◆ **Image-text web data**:
****************************************
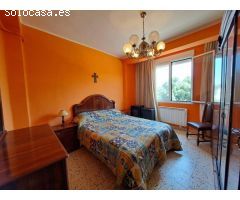 Casa  con tres pisos independientes y jardin.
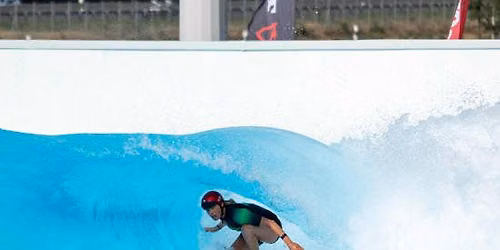 Surfers Cove: Surf & Stay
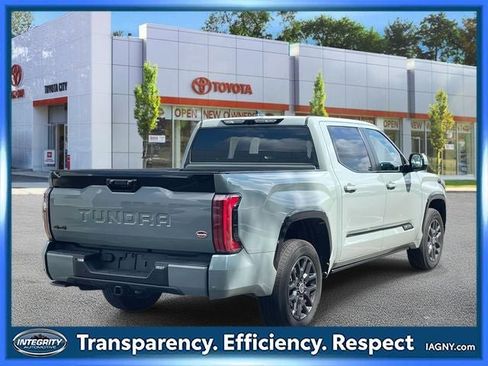 Used 2024 Toyota Tundra Platinum AWD/4WD image 6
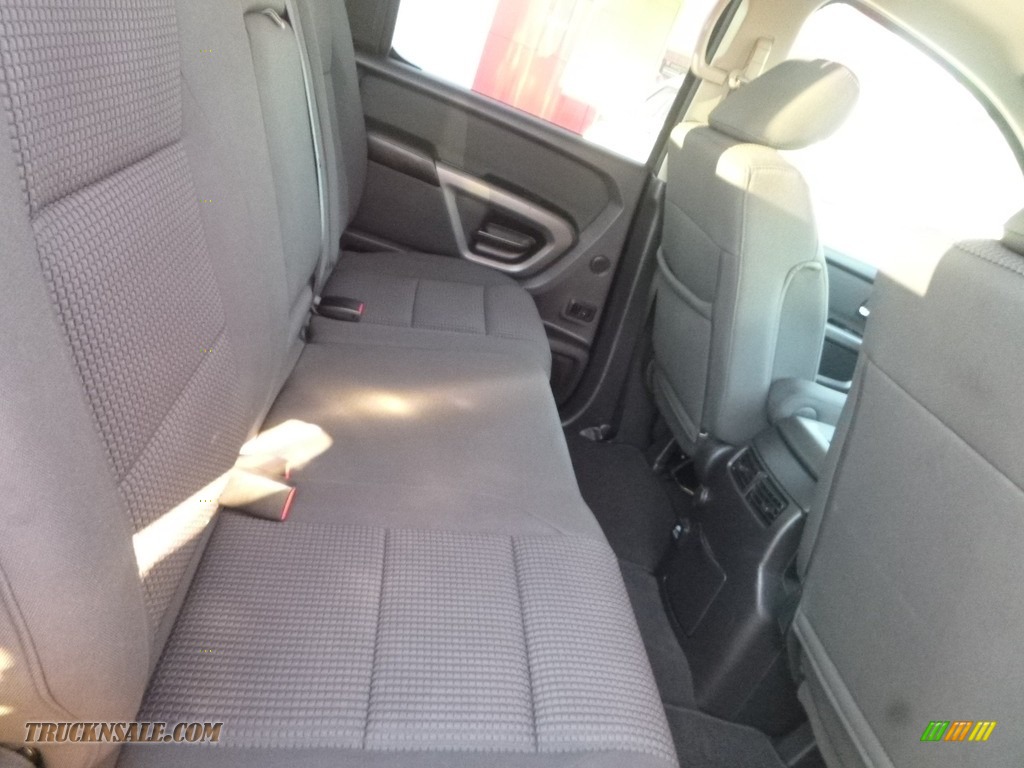 2015 Titan SV Crew Cab 4x4 - Cayenne Red / Charcoal photo #11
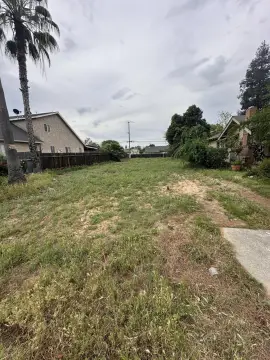 Vacant Lot Near River Park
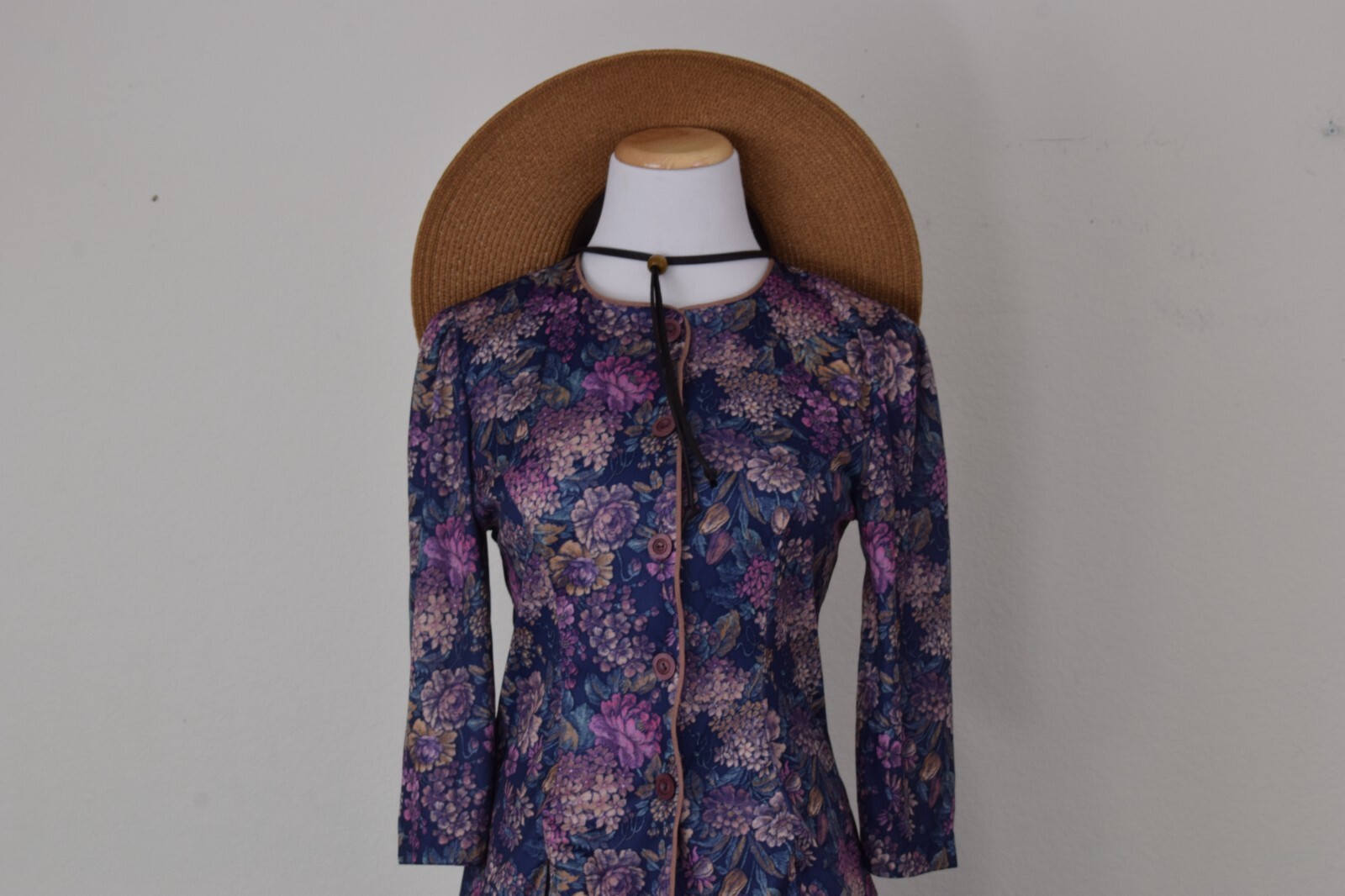 Vintage 80s Polyester Whirlaway Floral Print 3/4 Sleeve Button-up Blouse size 6P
****************************************
◆ **Work item**:
Reproduce nothing but the lines running from the line with "Vacant Lot Near River Park" through the end of the records, keeping both end lines and dropping the pictures.

◆ **Written reply**:
 Vacant Lot Near River Park
 Vintage 80s Polyester Whirlaway Floral Print 3/4 Sleeve Button-up Blouse size 6P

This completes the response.